§ **WORK TO COMPLETE**
Output exactly the lines below from the one containing "Roue Abdominale Musculation Ab Roller" to the last line, both included. Omit pictures.

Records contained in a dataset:
########

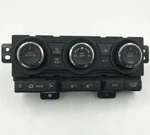 2010-2015 Mazda Cx-9 Cx9 Ac Heater Climate Control Unit Oem D02b43004. Fixed Price $29.99.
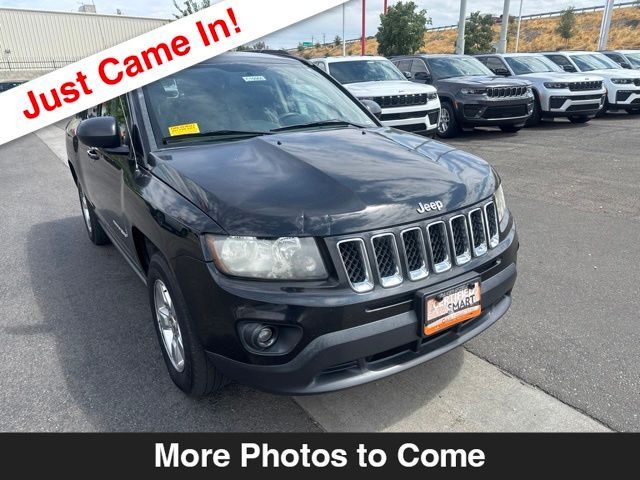 2014 Jeep Compass Sport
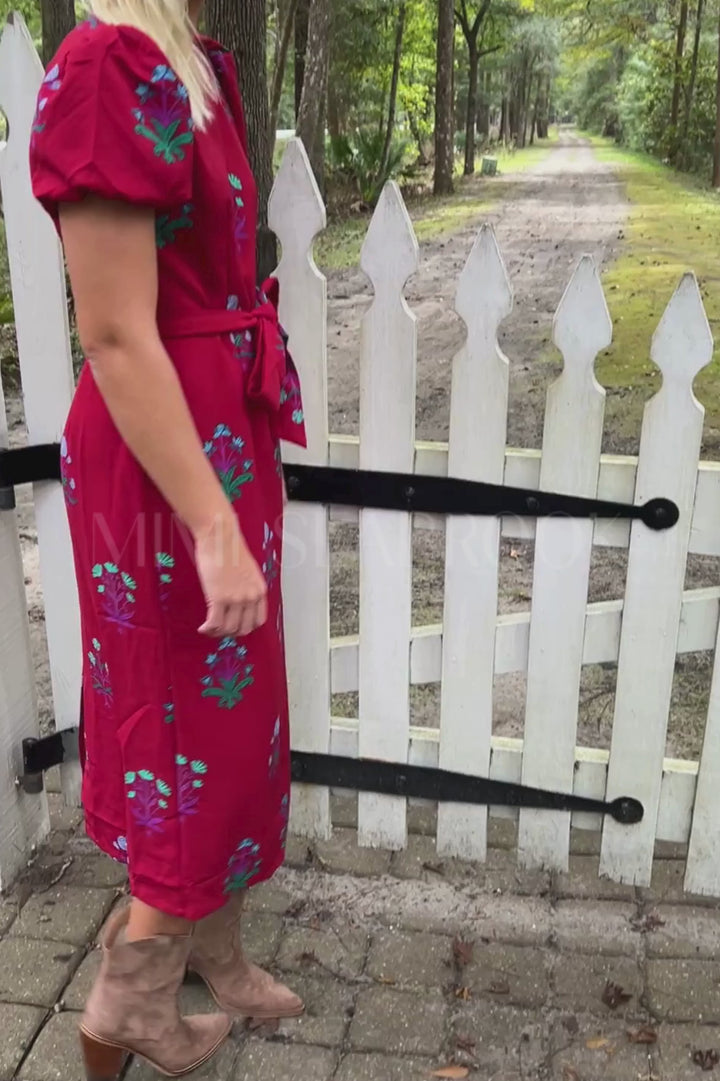 Lilou dress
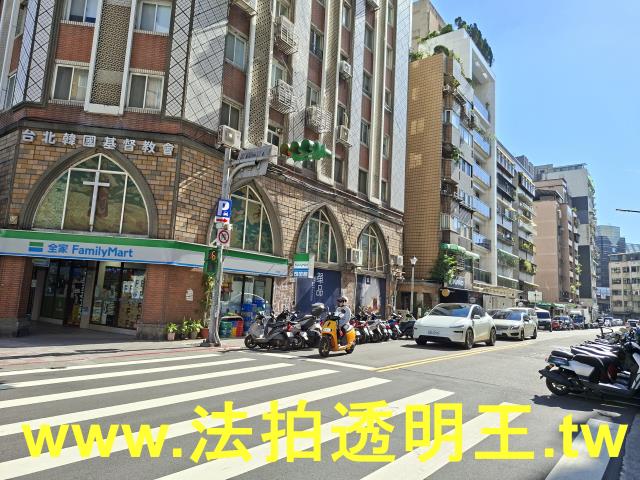 中山區大樓法拍-10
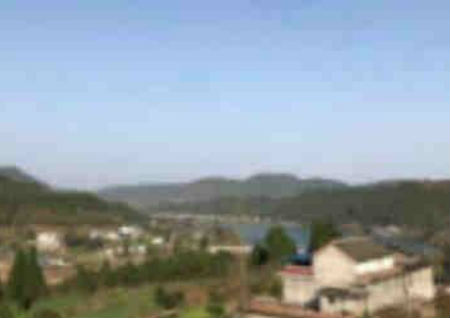 王健林祖坟风水图解 王健林祖坟风水图解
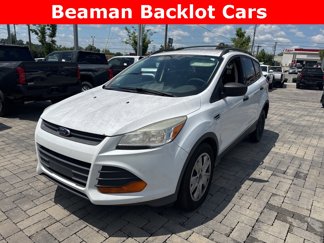 Used 2014 Ford Escape S image 1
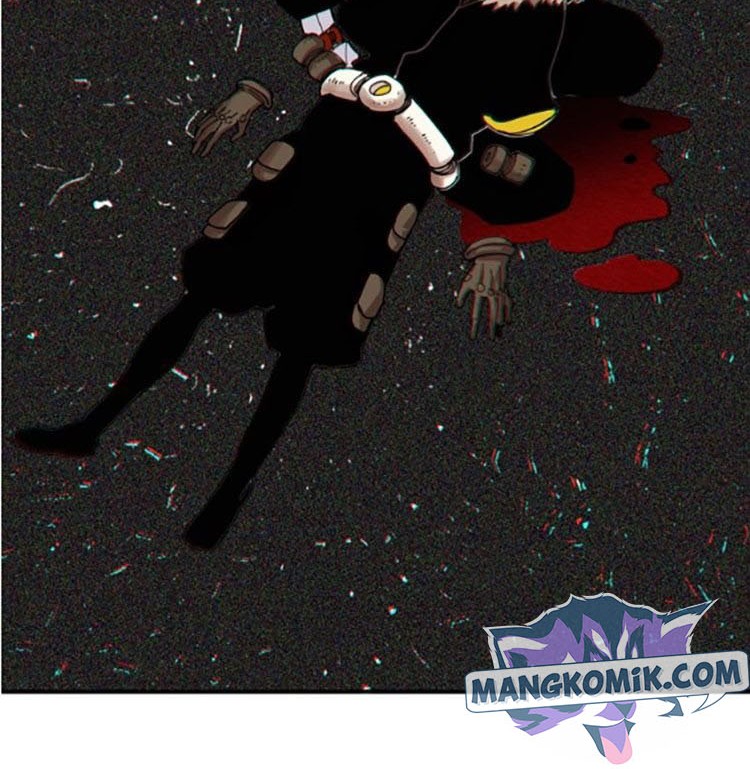 Last Word of the World Chapter 14 Gambar 8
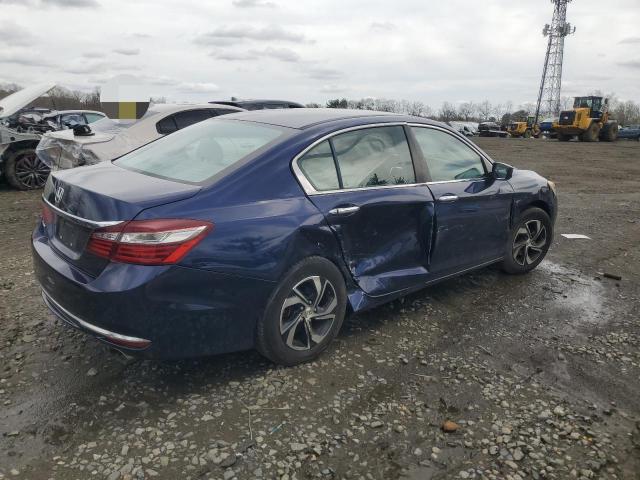 Vin: 1hgcr2f39ga082512, lot: 51825565, honda accord lx 20163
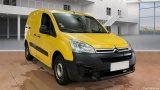  Citroen  Berlingo M BLUEHDI 75 CLUB  72 #2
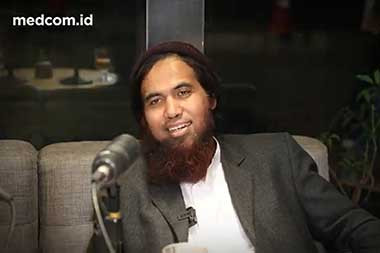 Alasan Sakti Hengkang dari Sheila On 7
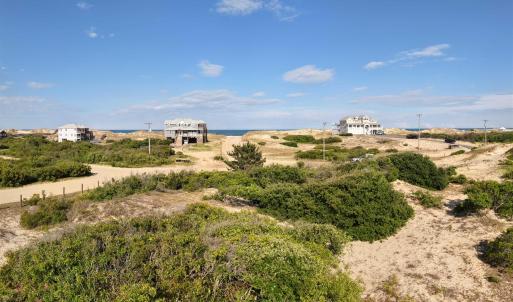 Potential Mid-Level View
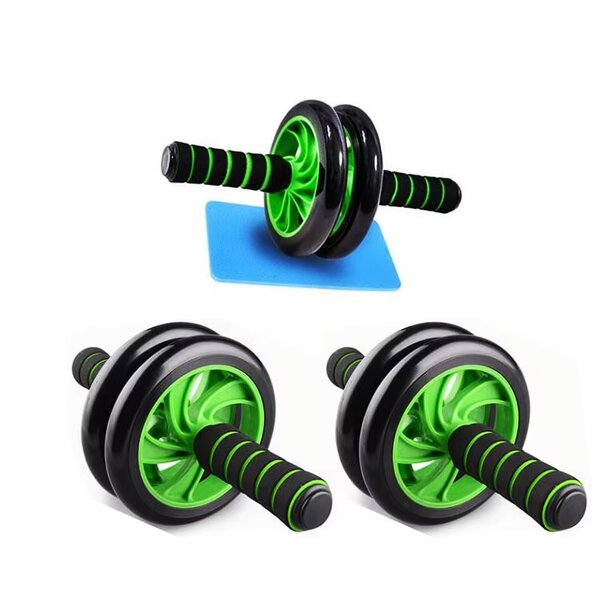 Roue Abdominale Musculation Ab Roller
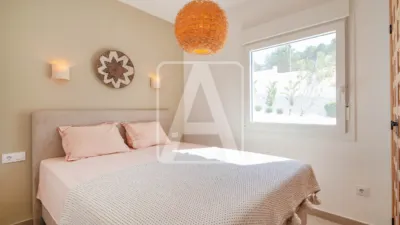 Chalet in Calpe Urbanizations photo 19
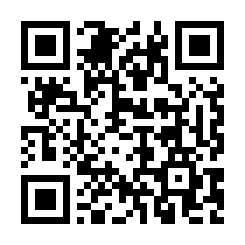 QR code for this PAOParts product page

########

§ **FINISHED TASK**
 Roue Abdominale Musculation Ab Roller
 Chalet in Calpe Urbanizations photo 19
 QR code for this PAOParts product page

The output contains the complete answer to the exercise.